I need an advice from guru of SAS :).
Suppose I have two big data sets. The first one is a huge data set (about 50-100Gb!), which contains phone numbers. The second one contains prefixes (20-40 thousands observations).
I need to add the most appropriate prefix to the first table for each phone number.
For example, if I have a phone number +71230000
and prefixes
+7
+71230
+7123
The most appropriate prefix is +71230
.
My idea. First, sort the prefix table. Then in data step, process the phone numbers table
data OutputTable;
set PhoneNumbersTable end=_last;
if _N_ = 1 then do;
dsid = open('PrefixTable');
end;
/* for each observation in PhoneNumbersTable:
1. Take the first digit of phone number (`+7`).
Look it up in PrefixTable. Store a number of observation of
this prefix (`n_obs`).
2. Take the first TWO digits of the phone number (`+71`).
Look it up in PrefixTable, starting with `n_obs + 1` observation.

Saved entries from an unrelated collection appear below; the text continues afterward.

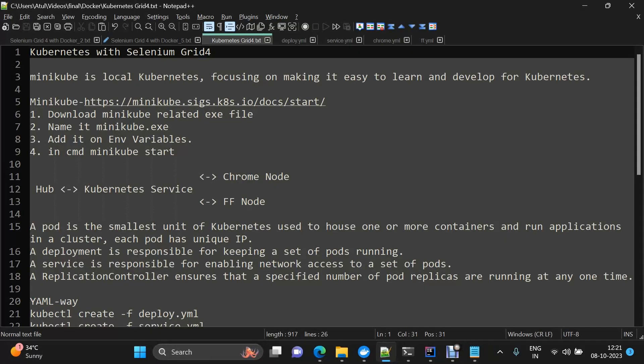Welcome to the sixth video of our Selenium Grid 4 series. Today we are going to see how we can manage Selenium Grid 4 containers or nodes using Kubernetes. In our previous videos we saw the same thing using Docker Compose — we were managing our Docker containers related to nodes using Docker Compose files. Today we are going to see how we can do the same thing using Kubernetes.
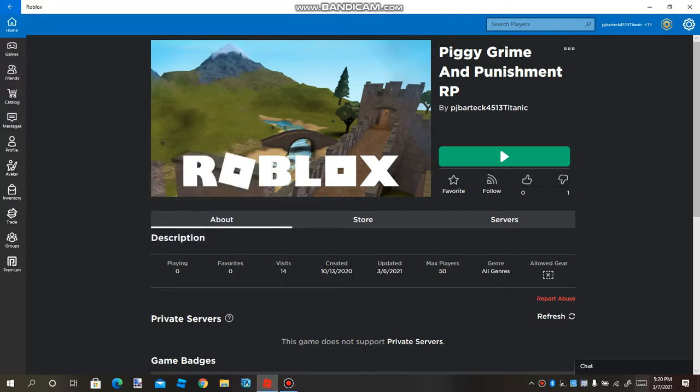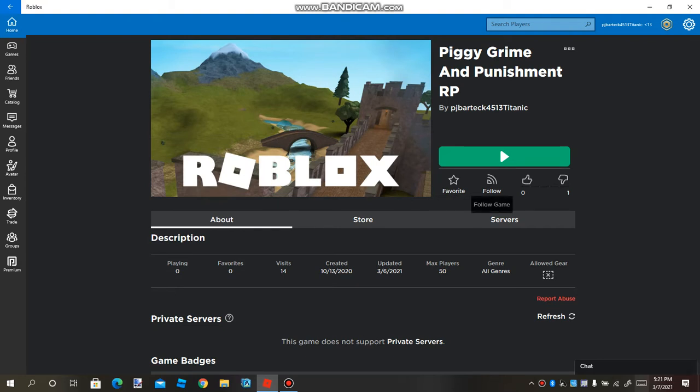Hey, what's up guys? It's Peter's Gaming TV, and today I'm going to show you how to get the new Infection Section badge for Piggy Grime and Punishment Roleplay.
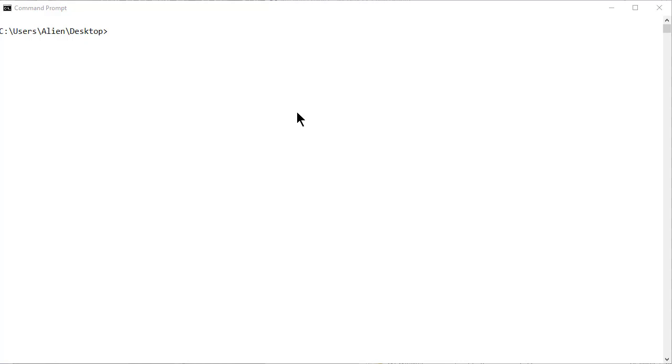So the first thing I want to show you is you just go to command prompt. You do not need to be administrator. You don't need any extra software. I'm using Windows 10. It works with Windows 7, XP, 8, 11, doesn't matter. It works with all of them.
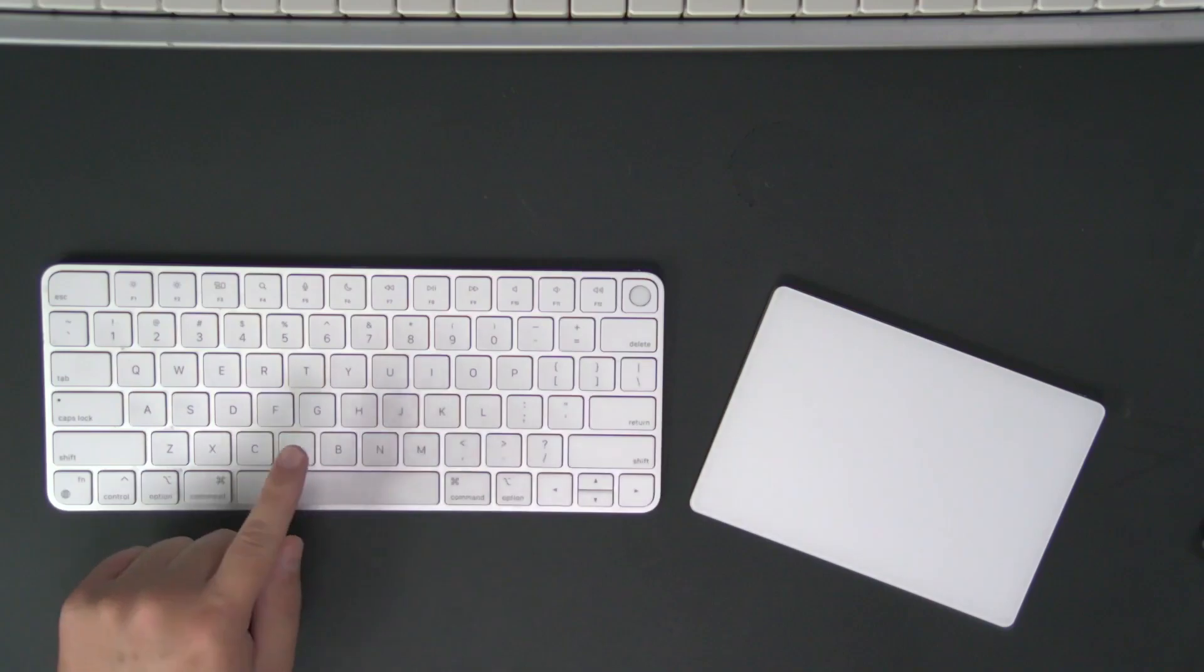Are you using Ableton Live on stage for clicks and backing tracks? Well, if so, I want to show you how you can use only your computer's keyboard to navigate and control your live set.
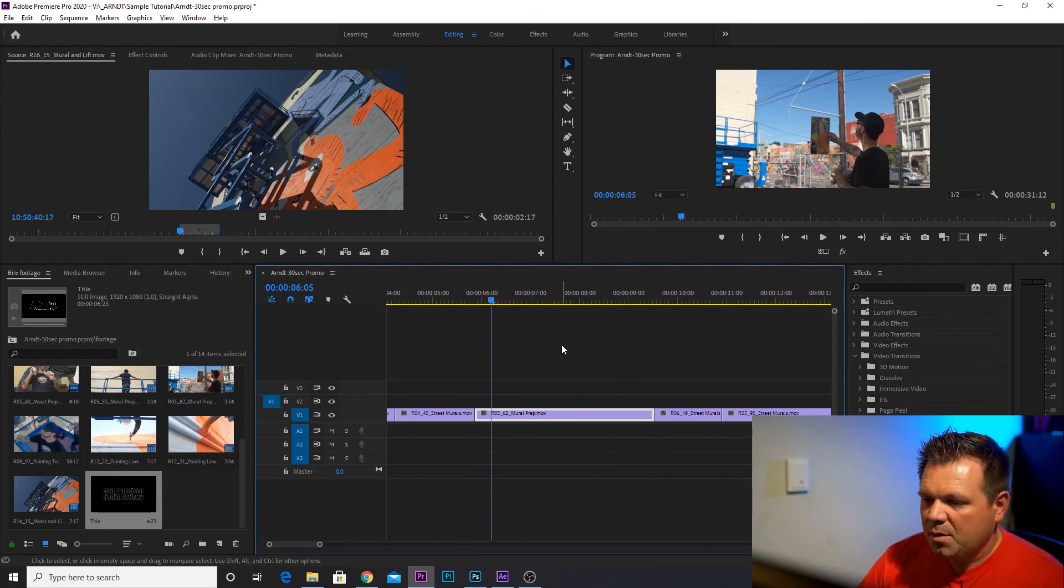So now by the end of this, at the end of this, we've created a simple transition, a couple different transitions in our video. We've also created a very basic title using the master title frame under file, new legacy title. In the next piece, we're going to add some music, learn to chop up the music, and then export this video out for completion. Alright, we'll see you in class.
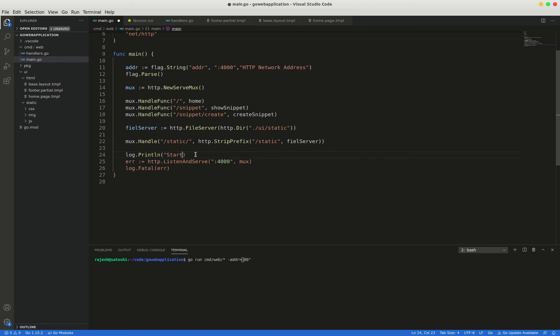So we can write here like this: starting server percentage s comma addr. Then we will change this one as well.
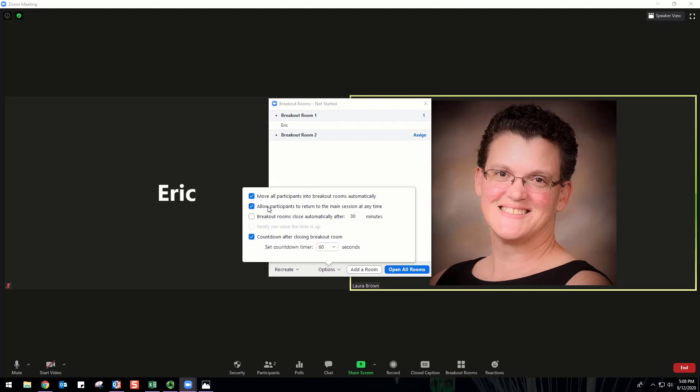Allow participants to return to the main session at any time: if this option is checked, the participants can move back to the main session from their meeting controls. If this is disabled, they need to wait for the host to end the breakout rooms. Breakout rooms close automatically after X number of minutes: if this option is checked, the breakout rooms will automatically end after the configured time.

Stop when we will find this prefix
(then store a number of observation of this prefix) or
when the first digit will change (then previous one was the
most appropriate prefix).
etc....
*/
if _last then do;
rc = close(dsid);
end;
run;
I hope my idea is clear enough, but if it's not, I'm sorry).
So what do you suggest? Thank you for your help.
P.S. Of course, phone numbers in the first table are not unique (may be repeated), and my algorithm, unfortunately, doesn't use it.